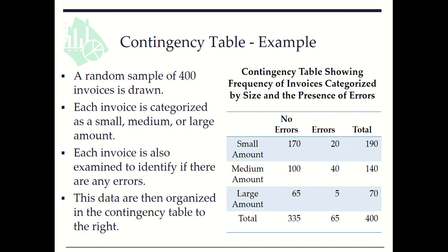Here we see an example with 400 invoices. Each invoice is categorized as small, medium, or large regarding amount. And also each invoice either contains error or no error.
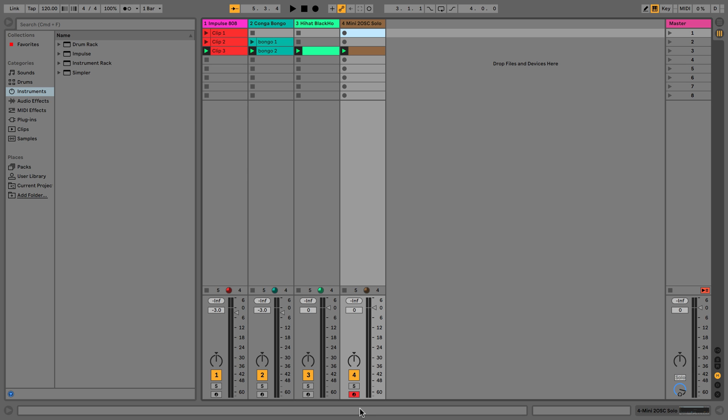Hi everyone. In this video we're going to carry on with our idea. We've got our bass in place and now we're going to add some audio and learn about audio recording.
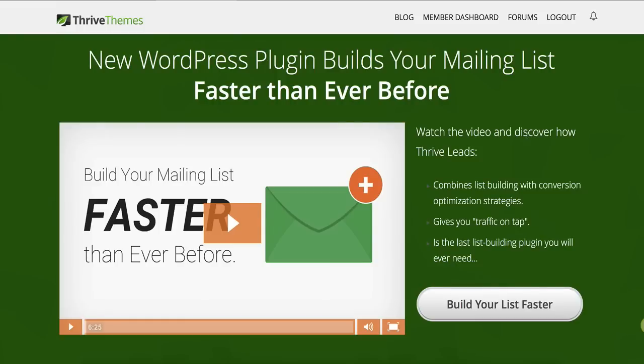Hi there, everyone. Welcome to episode 571 of the Mike from Maine show, the place where we do daily interviews with successful online entrepreneurs. This is your host, Mike Thomas. And today on the show, we have Shane Malach on, and we're going to be talking about a plugin that's going to help your WordPress websites suck in emails faster than ever before.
=====
Exercise aim>
Copy the whole of the material above exactly, and exclude every picture.

Your solution>
Here we see an example with 400 invoices. Each invoice is categorized as small, medium, or large regarding amount. And also each invoice either contains error or no error.
Hi everyone. In this video we're going to carry on with our idea. We've got our bass in place and now we're going to add some audio and learn about audio recording.
Hi there, everyone. Welcome to episode 571 of the Mike from Maine show, the place where we do daily interviews with successful online entrepreneurs. This is your host, Mike Thomas. And today on the show, we have Shane Malach on, and we're going to be talking about a plugin that's going to help your WordPress websites suck in emails faster than ever before.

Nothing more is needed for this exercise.